Votre article est intéressant, quand je roule avec ma femme, nous avons souvent cette discussion, elle ne supporte pas le moche, la zone industrielle au détour du virage etc…
Ça la déprime.
J’ai beau lui expliquer que c’est pour mieux apprécier le reste, rien n’y fait.
Pour résumer c’est comme une vie sans emmerdes, on s’y ennuierai à mourir et comme le disais une autre personne, il faut savoir faire abstraction de certaines choses (le pylône).

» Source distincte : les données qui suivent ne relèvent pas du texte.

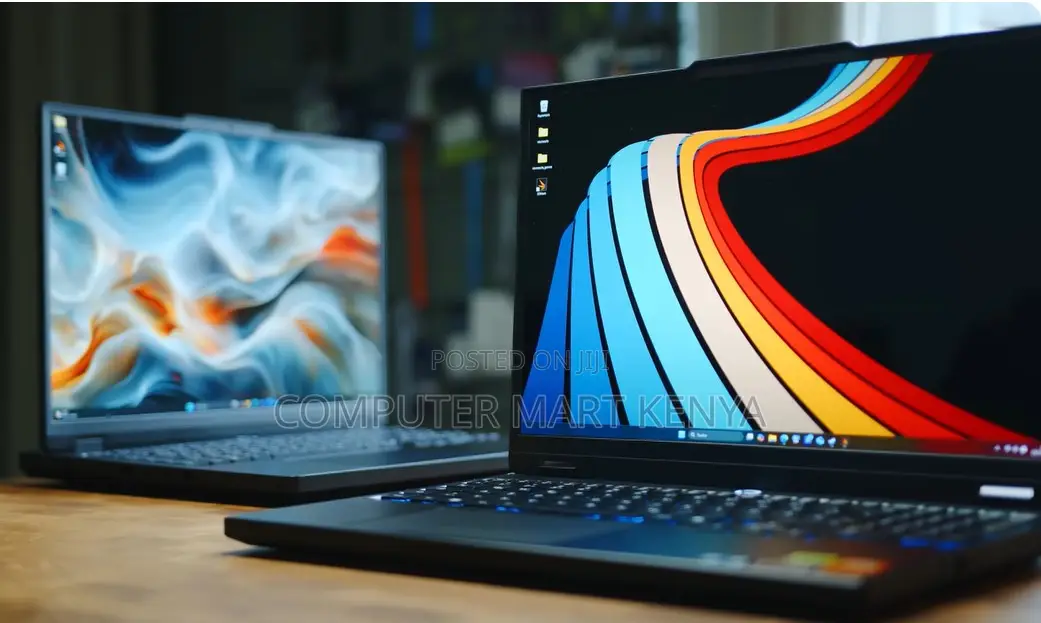 New Laptop Lenovo Legion 5 32GB Intel Core Ultra 9 SSD 1T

le vélo gravel est un microscope de la curiosité, son exploration nous ouvre les yeux sur un univers rejeté mais également celui idéalisé de l’homme . Porter le prisme sur le beau ne nous fait pas oublier le malsain, et la nature serait en meilleure santé si l’humain se comportait pas, parfois, en grand malade. On est tous interpellés par ce paradoxe : la beauté de la construction par l’homme de magnifiques pistes forestières, et de chemins vicinaux servant à l’exploitation et communication que l’on s’attribue sans effort comme espace gravel possible, et la laideur des nombreuses et permanentes offenses faites à l’égard de la nature ; en roulant à ses côtés, je la ressens comme le miroir de notre âme, elle agrandit au millième la notion de respect et d’admiration , et nous montre aussi toute sa désillusion .
Trouver un papier d’emballage d’une barre énergétique laissée au sol est rare est terre gravel, mais une décharge sauvage est fréquente.
Mea Culpa, j’avoue volontiers, vouloir détourner de mon objectif photographique les affres de la modernité et préférer une nature intacte à conserver, une friche industrielle peut avoir du charme certes insoupçonné, mais quand je trace, c’est seulement à un bon délire champêtre , que je veux penser ! Le gravel est le meilleur des opiacés .
Bravo Denis pour cette “bonne drogue”. Celle là on peut la consommer sans modération.